Das liege an zwei Faktoren: Zum einen falle es schwer, die durch jahrelange Fahrpraxis erlernte Kontrolle abzugeben. Zum anderen sei die Technologie noch nicht ausgereift, so dass der Assistent in bestimmten Situationen ausfallen könne. «Da kam dann bei einigen Probanden nach der Fahrt auch mal der Ausruf: «So einen Stress tue ich mir nicht mehr an!»», erinnert sich Seidler.
Bis Fahrerassistenzsysteme oder gar komplett selbstfahrende Autos das nötige Sicherheitsgefühl vermitteln, ist es also noch ein langer Weg. «Im Moment ist die Technik noch nicht so weit, dass Unfälle komplett vermieden werden können», sagt Professor Schick. Es gibt zwar Studien, die aussagen, dass es bei einer höheren Verbreitung von autonom agierenden Fahrzeugen deutlich weniger Unfalltote gäbe. Doch diese Berechnungen sind in der Fachwelt umstritten.
Inzwischen erlaubt das Straßenverkehrsgesetz teilweise solche Autos auf den Straßen. Die Verantwortung bleibt aber letzten Endes beim Menschen hinter dem Steuer. Einige autonom gesteuerte Fahrzeuge sind bereits auf einzelnen Autobahnen zu Testzwecken unterwegs. So kann auf der A9 zwischen München und Nürnberg hin und wieder ein Wagen beobachtet werden, dessen Fahrer die Hände in den Schoß legt. Das
Bundesverkehrsministerium bezeichnet diese Strecke als «Digitales Testfeld Autobahn» und betont: «Die Erprobungen finden im laufenden Verkehr, als «Labor unter Realbedingungen» statt.»

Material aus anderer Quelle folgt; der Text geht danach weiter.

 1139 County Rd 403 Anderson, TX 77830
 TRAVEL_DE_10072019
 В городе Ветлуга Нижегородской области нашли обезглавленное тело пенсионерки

Das Allgäu soll auf jeden Fall künftig eines der Forschungszentren für die Technologie bleiben. Denn das nach Angaben der Initiatoren «modernste Zentrum für autonomes Fahren» in Deutschland soll bei Memmingen entstehen. Auf dem ehemaligen Fliegerhorst soll dort mit Unterstützung des Freistaats bis 2019 für rund 15 Millionen Euro ein Testgelände errichtet werden, auf dem Autobahnfahrten simuliert werden können. Die Wissenschaftler der Kemptener Hochschule wollen hier in Zukunft gemeinsam mit Unternehmen Studien durchführen.